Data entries
Start of Block

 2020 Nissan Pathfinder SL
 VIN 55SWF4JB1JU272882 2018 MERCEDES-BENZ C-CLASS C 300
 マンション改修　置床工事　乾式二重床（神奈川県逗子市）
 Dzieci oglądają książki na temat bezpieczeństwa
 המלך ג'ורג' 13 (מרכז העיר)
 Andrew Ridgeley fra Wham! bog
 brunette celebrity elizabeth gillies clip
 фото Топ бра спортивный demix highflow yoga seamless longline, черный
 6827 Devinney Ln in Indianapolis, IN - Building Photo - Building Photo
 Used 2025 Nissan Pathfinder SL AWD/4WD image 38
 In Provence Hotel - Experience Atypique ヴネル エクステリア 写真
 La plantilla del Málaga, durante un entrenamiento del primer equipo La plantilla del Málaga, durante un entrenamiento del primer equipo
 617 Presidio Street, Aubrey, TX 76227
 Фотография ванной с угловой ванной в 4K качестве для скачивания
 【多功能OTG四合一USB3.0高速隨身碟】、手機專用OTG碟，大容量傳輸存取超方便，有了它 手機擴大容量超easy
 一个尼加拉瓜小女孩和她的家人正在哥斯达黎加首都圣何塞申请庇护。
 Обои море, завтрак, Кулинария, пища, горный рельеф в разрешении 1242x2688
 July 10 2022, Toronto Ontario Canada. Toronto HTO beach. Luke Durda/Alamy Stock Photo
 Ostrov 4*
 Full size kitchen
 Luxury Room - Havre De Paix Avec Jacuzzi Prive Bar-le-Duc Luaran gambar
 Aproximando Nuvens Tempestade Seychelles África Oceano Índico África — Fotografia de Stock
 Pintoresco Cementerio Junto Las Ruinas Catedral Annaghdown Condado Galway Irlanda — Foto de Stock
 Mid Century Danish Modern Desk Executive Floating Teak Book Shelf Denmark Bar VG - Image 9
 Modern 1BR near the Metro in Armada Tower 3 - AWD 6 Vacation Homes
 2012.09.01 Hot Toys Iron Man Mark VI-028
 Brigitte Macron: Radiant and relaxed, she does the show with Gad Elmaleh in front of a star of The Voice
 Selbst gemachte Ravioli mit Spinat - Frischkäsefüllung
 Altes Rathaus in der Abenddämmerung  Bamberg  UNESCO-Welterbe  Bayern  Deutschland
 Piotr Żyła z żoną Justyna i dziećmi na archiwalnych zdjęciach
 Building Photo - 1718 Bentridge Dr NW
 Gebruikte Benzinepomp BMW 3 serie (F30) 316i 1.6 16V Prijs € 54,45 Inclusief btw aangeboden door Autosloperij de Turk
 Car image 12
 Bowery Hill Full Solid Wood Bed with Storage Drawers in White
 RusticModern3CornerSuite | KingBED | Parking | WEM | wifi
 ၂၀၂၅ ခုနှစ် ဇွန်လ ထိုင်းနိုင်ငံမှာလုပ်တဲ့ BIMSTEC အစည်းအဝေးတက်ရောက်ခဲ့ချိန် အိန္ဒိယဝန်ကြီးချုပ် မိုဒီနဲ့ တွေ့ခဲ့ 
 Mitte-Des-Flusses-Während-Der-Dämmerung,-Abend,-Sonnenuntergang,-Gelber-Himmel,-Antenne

End of Block

- [Exercise goal]: The data above should be duplicated exactly and completely.

- [Response]:
 2020 Nissan Pathfinder SL
 VIN 55SWF4JB1JU272882 2018 MERCEDES-BENZ C-CLASS C 300
 マンション改修　置床工事　乾式二重床（神奈川県逗子市）
 Dzieci oglądają książki na temat bezpieczeństwa
 המלך ג'ורג' 13 (מרכז העיר)
 Andrew Ridgeley fra Wham! bog
 brunette celebrity elizabeth gillies clip
 фото Топ бра спортивный demix highflow yoga seamless longline, черный
 6827 Devinney Ln in Indianapolis, IN - Building Photo - Building Photo
 Used 2025 Nissan Pathfinder SL AWD/4WD image 38
 In Provence Hotel - Experience Atypique ヴネル エクステリア 写真
 La plantilla del Málaga, durante un entrenamiento del primer equipo La plantilla del Málaga, durante un entrenamiento del primer equipo
 617 Presidio Street, Aubrey, TX 76227
 Фотография ванной с угловой ванной в 4K качестве для скачивания
 【多功能OTG四合一USB3.0高速隨身碟】、手機專用OTG碟，大容量傳輸存取超方便，有了它 手機擴大容量超easy
 一个尼加拉瓜小女孩和她的家人正在哥斯达黎加首都圣何塞申请庇护。
 Обои море, завтрак, Кулинария, пища, горный рельеф в разрешении 1242x2688
 July 10 2022, Toronto Ontario Canada. Toronto HTO beach. Luke Durda/Alamy Stock Photo
 Ostrov 4*
 Full size kitchen
 Luxury Room - Havre De Paix Avec Jacuzzi Prive Bar-le-Duc Luaran gambar
 Aproximando Nuvens Tempestade Seychelles África Oceano Índico África — Fotografia de Stock
 Pintoresco Cementerio Junto Las Ruinas Catedral Annaghdown Condado Galway Irlanda — Foto de Stock
 Mid Century Danish Modern Desk Executive Floating Teak Book Shelf Denmark Bar VG - Image 9
 Modern 1BR near the Metro in Armada Tower 3 - AWD 6 Vacation Homes
 2012.09.01 Hot Toys Iron Man Mark VI-028
 Brigitte Macron: Radiant and relaxed, she does the show with Gad Elmaleh in front of a star of The Voice
 Selbst gemachte Ravioli mit Spinat - Frischkäsefüllung
 Altes Rathaus in der Abenddämmerung  Bamberg  UNESCO-Welterbe  Bayern  Deutschland
 Piotr Żyła z żoną Justyna i dziećmi na archiwalnych zdjęciach
 Building Photo - 1718 Bentridge Dr NW
 Gebruikte Benzinepomp BMW 3 serie (F30) 316i 1.6 16V Prijs € 54,45 Inclusief btw aangeboden door Autosloperij de Turk
 Car image 12
 Bowery Hill Full Solid Wood Bed with Storage Drawers in White
 RusticModern3CornerSuite | KingBED | Parking | WEM | wifi
 ၂၀၂၅ ခုနှစ် ဇွန်လ ထိုင်းနိုင်ငံမှာလုပ်တဲ့ BIMSTEC အစည်းအဝေးတက်ရောက်ခဲ့ချိန် အိန္ဒိယဝန်ကြီးချုပ် မိုဒီနဲ့ တွေ့ခဲ့ 
 Mitte-Des-Flusses-Während-Der-Dämmerung,-Abend,-Sonnenuntergang,-Gelber-Himmel,-Antenne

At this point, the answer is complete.